Please give the lines below again exactly as they stand, from the one that contains "Columbia Toddler Boys'" up to and including the one that contains "Ferienhaus in Dahme", leaving all pictures out.

Recorded data
^^^^^^^^

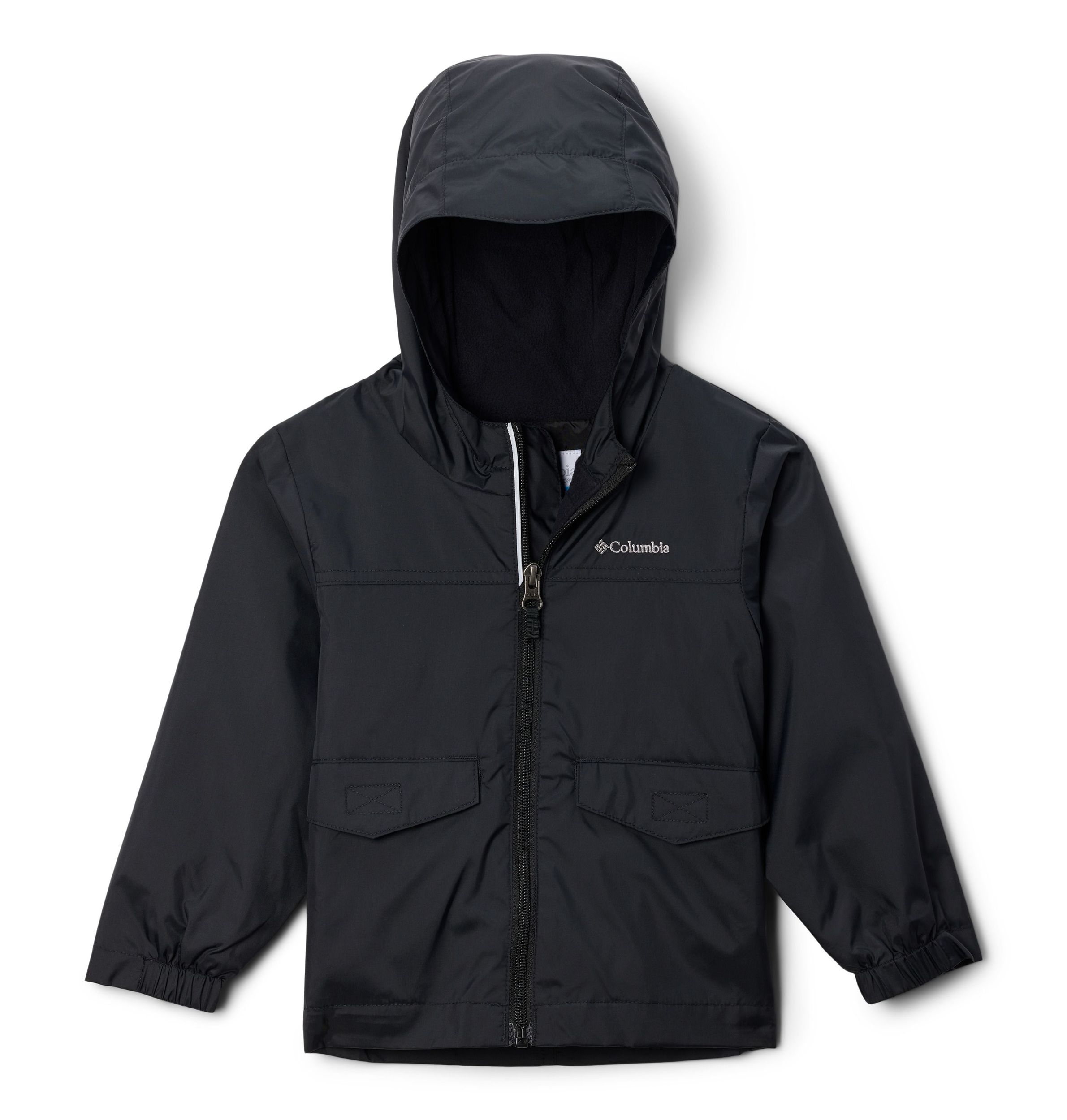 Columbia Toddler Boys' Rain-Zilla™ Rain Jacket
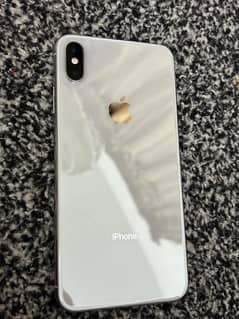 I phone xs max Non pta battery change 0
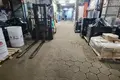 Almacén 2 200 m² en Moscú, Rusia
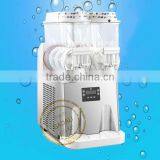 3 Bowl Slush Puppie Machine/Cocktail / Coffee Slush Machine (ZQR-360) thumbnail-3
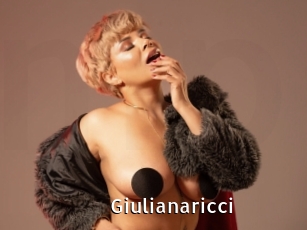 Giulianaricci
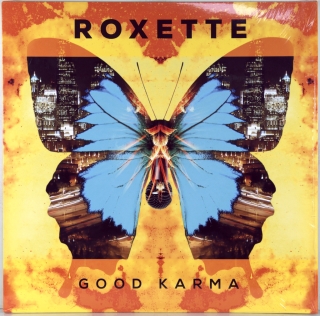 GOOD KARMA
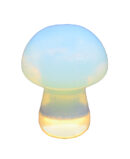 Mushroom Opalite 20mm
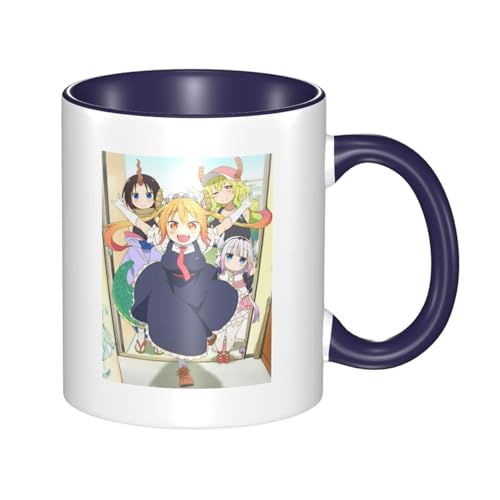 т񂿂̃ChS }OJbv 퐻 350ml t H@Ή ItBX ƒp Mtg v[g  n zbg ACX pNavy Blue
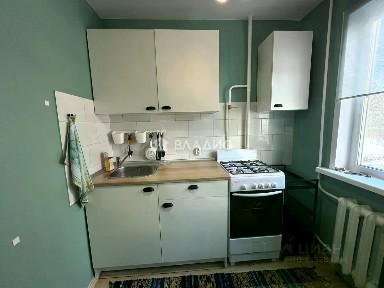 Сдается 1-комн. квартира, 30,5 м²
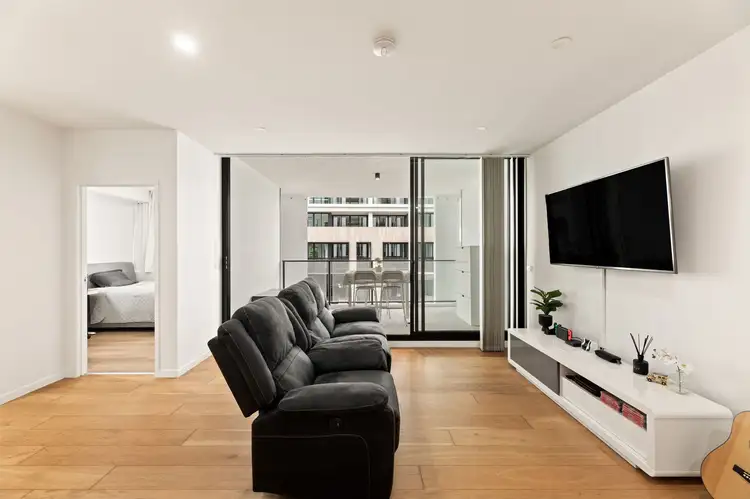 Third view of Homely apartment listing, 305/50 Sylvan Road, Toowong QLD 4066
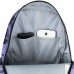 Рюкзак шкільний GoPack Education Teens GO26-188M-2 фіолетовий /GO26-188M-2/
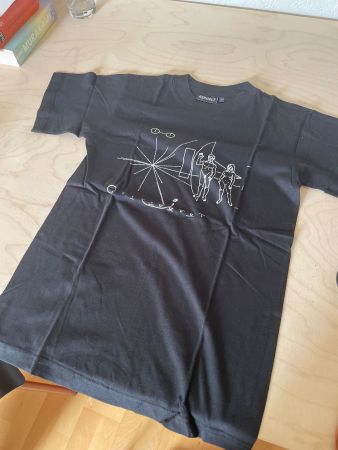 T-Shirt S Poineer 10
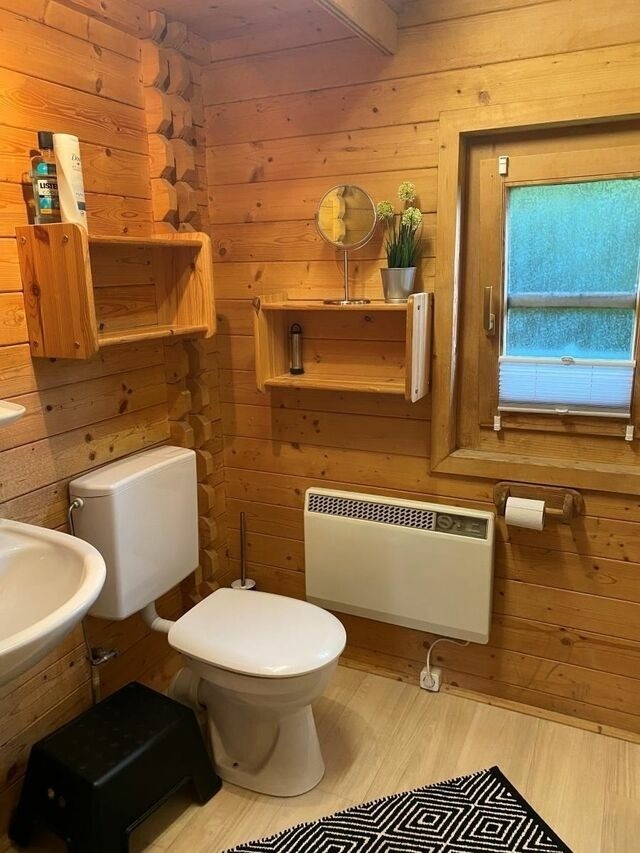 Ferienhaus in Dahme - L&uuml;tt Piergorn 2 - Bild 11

^^^^^^^^

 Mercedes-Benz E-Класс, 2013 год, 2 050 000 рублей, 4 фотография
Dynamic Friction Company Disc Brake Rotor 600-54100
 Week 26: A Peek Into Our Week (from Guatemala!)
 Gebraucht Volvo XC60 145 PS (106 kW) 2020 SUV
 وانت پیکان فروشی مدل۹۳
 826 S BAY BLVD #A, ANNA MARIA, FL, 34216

^^^^^^^^

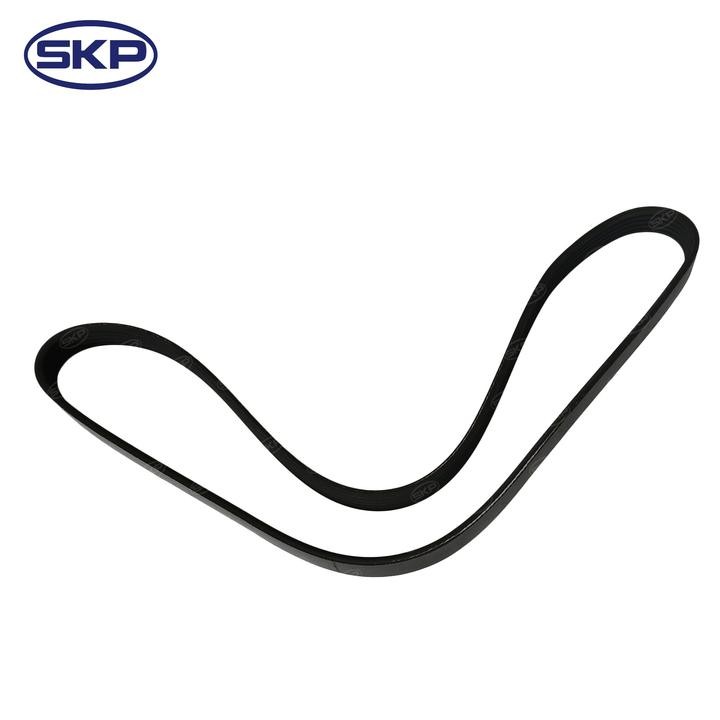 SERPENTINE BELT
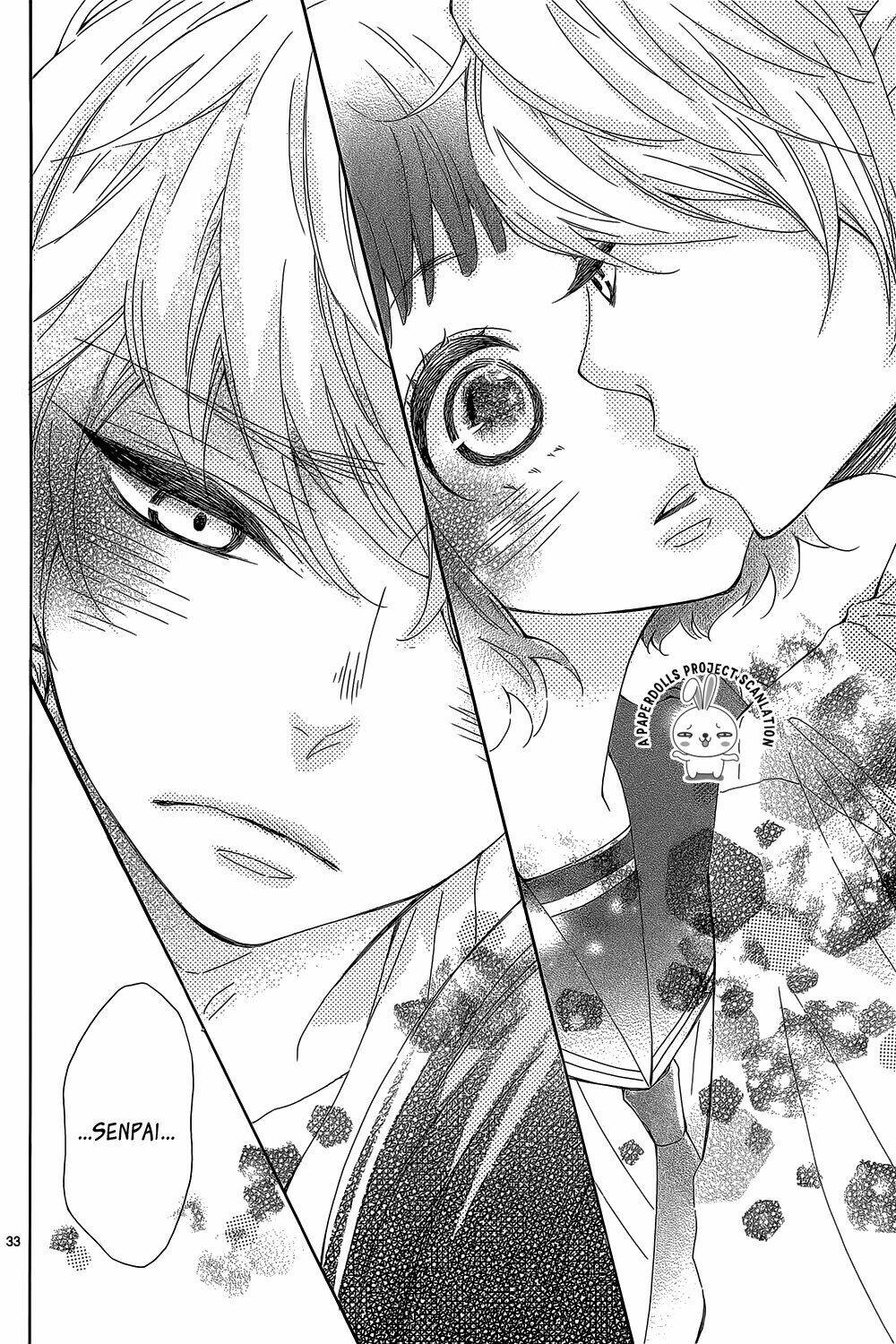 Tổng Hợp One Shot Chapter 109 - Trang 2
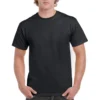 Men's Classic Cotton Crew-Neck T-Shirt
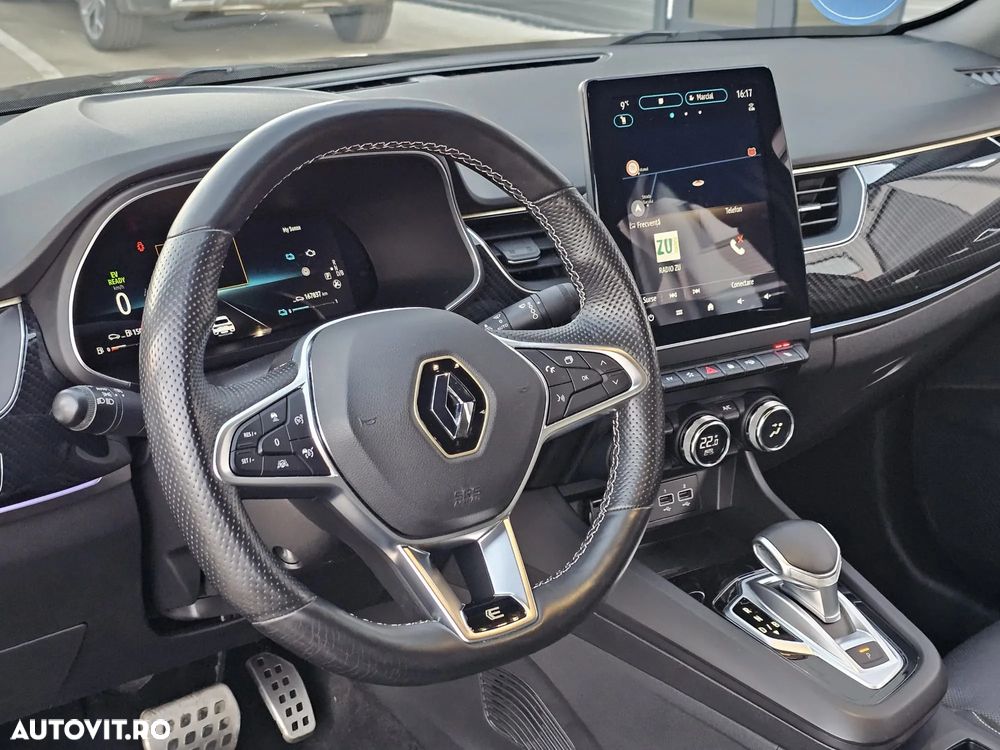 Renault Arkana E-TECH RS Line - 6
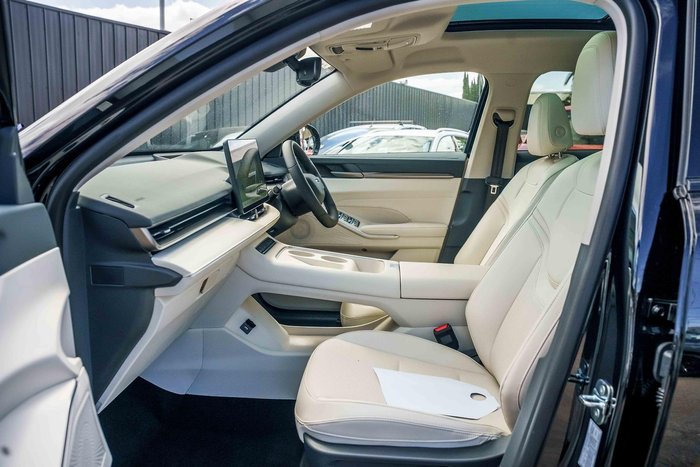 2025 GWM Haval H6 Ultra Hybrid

^^^^^^^^

ANSWER FOR THE TASK.
 Columbia Toddler Boys' Rain-Zilla™ Rain Jacket
 I phone xs max Non pta battery change 0
 Almacén 2 200 m² en Moscú, Rusia
 3 Bowl Slush Puppie Machine/Cocktail / Coffee Slush Machine (ZQR-360) thumbnail-3
 Giulianaricci
 GOOD KARMA
 Mushroom Opalite 20mm
 т񂿂̃ChS }OJbv 퐻 350ml t H@Ή ItBX ƒp Mtg v[g  n zbg ACX pNavy Blue
 Сдается 1-комн. квартира, 30,5 м²
 Third view of Homely apartment listing, 305/50 Sylvan Road, Toowong QLD 4066
 Рюкзак шкільний GoPack Education Teens GO26-188M-2 фіолетовий /GO26-188M-2/
 T-Shirt S Poineer 10
 Ferienhaus in Dahme - L&uuml;tt Piergorn 2 - Bild 11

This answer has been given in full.